Wolff, an award-winning poet, and the editor/publisher of the magazine Fence and the poetry review website Constant Critic, was the sixth visiting writer for the Creative Writing Reading series. She began by reading a few poems from her new book, The King, which "deals with the things that happen when a person becomes pregnant, carries and births." The poems deal with several aspects of pregnancy and motherhood. In one poem, titled "Tonal Pattern," she states, "I am on drugs….I walk the junkie's walk, tilted….yet my baby is protected." In "The Reader," she describes the doubts of a mother-to-be: "are you meant to be born?

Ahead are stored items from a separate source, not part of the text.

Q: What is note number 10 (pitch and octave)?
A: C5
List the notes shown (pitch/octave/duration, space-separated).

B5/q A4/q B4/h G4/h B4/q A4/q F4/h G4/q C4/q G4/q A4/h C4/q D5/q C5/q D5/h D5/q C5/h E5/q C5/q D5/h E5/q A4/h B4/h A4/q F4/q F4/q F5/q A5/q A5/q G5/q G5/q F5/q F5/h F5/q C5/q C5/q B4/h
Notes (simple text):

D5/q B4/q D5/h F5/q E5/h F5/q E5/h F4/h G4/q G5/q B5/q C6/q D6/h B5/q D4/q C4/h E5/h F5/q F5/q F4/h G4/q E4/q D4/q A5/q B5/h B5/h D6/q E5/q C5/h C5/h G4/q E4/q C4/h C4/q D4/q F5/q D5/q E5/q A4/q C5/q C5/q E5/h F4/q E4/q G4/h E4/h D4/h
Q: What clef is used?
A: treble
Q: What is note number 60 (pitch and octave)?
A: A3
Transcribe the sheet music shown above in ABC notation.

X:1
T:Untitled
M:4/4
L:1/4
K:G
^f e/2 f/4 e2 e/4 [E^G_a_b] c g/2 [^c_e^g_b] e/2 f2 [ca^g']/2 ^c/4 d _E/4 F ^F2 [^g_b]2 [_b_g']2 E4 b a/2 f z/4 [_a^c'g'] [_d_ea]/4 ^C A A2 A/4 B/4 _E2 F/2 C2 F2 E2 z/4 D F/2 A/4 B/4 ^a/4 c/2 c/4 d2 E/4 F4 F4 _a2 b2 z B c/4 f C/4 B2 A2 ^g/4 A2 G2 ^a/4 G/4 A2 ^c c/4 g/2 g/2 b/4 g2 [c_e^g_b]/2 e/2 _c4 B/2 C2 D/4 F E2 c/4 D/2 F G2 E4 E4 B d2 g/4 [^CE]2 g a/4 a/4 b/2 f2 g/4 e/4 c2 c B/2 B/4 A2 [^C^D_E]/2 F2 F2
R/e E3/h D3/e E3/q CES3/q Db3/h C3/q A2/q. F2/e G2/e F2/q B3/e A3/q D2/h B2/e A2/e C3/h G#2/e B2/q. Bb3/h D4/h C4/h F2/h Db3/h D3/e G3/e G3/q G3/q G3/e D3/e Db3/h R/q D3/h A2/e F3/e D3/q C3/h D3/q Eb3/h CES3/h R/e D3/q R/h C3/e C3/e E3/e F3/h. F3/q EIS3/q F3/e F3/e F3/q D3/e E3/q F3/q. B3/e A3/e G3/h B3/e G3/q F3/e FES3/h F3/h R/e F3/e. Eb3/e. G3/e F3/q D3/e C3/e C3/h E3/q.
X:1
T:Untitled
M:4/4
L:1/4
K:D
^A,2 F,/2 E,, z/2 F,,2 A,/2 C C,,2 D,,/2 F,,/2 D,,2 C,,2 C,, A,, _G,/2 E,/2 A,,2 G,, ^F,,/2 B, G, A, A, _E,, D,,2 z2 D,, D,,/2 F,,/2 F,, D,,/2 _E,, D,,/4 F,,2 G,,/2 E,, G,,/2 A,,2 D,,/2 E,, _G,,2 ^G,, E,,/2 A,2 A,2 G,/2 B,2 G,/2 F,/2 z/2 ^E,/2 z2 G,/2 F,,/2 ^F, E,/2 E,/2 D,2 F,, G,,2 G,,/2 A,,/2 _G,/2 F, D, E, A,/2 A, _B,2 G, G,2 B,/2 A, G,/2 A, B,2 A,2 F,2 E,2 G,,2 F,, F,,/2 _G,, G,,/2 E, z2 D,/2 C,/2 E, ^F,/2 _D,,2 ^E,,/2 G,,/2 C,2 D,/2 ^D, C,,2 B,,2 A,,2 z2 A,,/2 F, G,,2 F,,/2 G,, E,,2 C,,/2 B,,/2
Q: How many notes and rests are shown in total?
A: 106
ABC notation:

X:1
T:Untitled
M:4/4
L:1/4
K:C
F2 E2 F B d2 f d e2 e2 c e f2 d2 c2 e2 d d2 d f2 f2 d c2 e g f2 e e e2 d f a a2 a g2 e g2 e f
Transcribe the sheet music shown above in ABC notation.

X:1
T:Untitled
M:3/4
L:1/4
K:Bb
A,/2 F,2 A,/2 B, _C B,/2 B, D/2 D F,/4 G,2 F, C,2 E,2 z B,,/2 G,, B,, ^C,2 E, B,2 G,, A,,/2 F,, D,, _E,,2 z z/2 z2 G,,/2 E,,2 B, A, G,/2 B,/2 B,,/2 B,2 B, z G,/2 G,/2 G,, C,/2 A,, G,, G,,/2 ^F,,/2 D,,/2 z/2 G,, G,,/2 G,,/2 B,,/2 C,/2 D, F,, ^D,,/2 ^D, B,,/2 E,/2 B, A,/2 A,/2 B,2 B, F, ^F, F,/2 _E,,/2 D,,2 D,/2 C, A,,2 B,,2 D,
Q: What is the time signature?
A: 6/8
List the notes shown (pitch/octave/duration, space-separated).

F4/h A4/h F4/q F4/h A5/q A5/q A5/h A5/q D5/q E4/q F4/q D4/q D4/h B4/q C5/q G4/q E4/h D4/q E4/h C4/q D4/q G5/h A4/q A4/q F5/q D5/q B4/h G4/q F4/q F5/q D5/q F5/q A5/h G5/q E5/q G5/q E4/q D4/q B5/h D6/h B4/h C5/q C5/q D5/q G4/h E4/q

Were you meant?" Wolff stated that her poems are very chronological, and, indeed, she soon shifted to the issue of postpartum depression with the curiously - or perhaps aptly - named "Where's The Funeral?" in which she likens the body of her newborn to that of a corpse that requires mourning. She ended this part of the reading with a "love poem" from a mother to her child.

Reading slowly and articulately, Wolff would pause for effect, allowing the audience suitable time and space to react. She often stopped to converse casually with the audience about the sound system ("The sound system's really nice for me. Hope it's nice for you.") or the conception of a particular poem. Her poems were short, and loaded with startling images that kept shifting.

In the Q&A session, Wolff talked about her magazine and publishing company, and described how they cater to non-mainstream poetry.